EXERCISE REQUIREMENTS ->
Find the line that contains "Fisher Price Vintage". Then set down that line and all the lines after it, to the end of the records, exactly and with nothing added.

Saved entries:

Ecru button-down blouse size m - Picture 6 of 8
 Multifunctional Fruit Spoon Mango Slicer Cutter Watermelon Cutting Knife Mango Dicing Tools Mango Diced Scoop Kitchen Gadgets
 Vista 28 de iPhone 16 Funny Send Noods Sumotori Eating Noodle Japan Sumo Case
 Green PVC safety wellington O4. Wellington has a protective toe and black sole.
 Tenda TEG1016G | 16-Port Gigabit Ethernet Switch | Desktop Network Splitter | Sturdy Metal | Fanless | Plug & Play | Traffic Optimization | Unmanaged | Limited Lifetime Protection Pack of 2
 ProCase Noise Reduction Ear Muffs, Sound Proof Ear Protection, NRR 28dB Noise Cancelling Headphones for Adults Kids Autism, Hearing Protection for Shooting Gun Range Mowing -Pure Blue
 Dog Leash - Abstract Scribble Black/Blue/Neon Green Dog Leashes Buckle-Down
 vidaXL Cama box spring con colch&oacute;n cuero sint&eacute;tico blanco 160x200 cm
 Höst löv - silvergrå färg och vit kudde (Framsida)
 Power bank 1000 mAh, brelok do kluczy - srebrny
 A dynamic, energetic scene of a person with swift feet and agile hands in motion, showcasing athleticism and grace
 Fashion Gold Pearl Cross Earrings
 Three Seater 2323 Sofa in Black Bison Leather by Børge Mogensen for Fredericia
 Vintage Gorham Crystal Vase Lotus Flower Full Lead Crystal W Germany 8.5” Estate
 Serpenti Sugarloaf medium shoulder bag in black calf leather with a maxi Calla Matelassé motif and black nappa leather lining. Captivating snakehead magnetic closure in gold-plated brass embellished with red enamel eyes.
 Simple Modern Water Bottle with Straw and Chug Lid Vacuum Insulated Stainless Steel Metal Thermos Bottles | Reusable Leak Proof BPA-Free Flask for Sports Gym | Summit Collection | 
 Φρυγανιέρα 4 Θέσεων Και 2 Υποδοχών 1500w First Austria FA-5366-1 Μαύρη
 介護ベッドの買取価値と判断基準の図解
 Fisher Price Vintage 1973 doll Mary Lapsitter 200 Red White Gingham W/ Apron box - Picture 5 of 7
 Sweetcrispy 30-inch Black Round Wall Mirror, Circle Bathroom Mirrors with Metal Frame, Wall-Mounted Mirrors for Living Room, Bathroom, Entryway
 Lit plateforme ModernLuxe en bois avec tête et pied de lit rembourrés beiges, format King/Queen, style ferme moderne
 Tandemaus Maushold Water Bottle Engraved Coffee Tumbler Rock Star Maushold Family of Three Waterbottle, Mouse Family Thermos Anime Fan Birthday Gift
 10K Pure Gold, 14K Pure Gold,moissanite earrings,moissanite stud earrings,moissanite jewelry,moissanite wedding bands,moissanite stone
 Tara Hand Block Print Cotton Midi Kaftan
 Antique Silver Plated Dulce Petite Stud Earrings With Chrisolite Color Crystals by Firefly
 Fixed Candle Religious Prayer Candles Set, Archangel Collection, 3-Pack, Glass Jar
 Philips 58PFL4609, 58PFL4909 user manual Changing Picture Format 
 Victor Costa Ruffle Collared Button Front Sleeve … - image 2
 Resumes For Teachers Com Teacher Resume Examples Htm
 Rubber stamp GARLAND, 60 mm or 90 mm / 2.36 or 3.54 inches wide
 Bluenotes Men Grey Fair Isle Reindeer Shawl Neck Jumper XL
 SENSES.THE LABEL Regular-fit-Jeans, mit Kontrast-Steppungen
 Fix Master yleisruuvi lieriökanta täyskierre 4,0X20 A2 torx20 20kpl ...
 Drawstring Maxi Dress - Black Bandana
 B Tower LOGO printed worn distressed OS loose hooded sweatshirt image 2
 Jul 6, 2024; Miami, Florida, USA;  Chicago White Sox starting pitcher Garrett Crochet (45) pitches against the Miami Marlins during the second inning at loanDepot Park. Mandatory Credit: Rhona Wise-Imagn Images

RESPONSE AREA ->
 Fisher Price Vintage 1973 doll Mary Lapsitter 200 Red White Gingham W/ Apron box - Picture 5 of 7
 Sweetcrispy 30-inch Black Round Wall Mirror, Circle Bathroom Mirrors with Metal Frame, Wall-Mounted Mirrors for Living Room, Bathroom, Entryway
 Lit plateforme ModernLuxe en bois avec tête et pied de lit rembourrés beiges, format King/Queen, style ferme moderne
 Tandemaus Maushold Water Bottle Engraved Coffee Tumbler Rock Star Maushold Family of Three Waterbottle, Mouse Family Thermos Anime Fan Birthday Gift
 10K Pure Gold, 14K Pure Gold,moissanite earrings,moissanite stud earrings,moissanite jewelry,moissanite wedding bands,moissanite stone
 Tara Hand Block Print Cotton Midi Kaftan
 Antique Silver Plated Dulce Petite Stud Earrings With Chrisolite Color Crystals by Firefly
 Fixed Candle Religious Prayer Candles Set, Archangel Collection, 3-Pack, Glass Jar
 Philips 58PFL4609, 58PFL4909 user manual Changing Picture Format 
 Victor Costa Ruffle Collared Button Front Sleeve … - image 2
 Resumes For Teachers Com Teacher Resume Examples Htm
 Rubber stamp GARLAND, 60 mm or 90 mm / 2.36 or 3.54 inches wide
 Bluenotes Men Grey Fair Isle Reindeer Shawl Neck Jumper XL
 SENSES.THE LABEL Regular-fit-Jeans, mit Kontrast-Steppungen
 Fix Master yleisruuvi lieriökanta täyskierre 4,0X20 A2 torx20 20kpl ...
 Drawstring Maxi Dress - Black Bandana
 B Tower LOGO printed worn distressed OS loose hooded sweatshirt image 2
 Jul 6, 2024; Miami, Florida, USA;  Chicago White Sox starting pitcher Garrett Crochet (45) pitches against the Miami Marlins during the second inning at loanDepot Park. Mandatory Credit: Rhona Wise-Imagn Images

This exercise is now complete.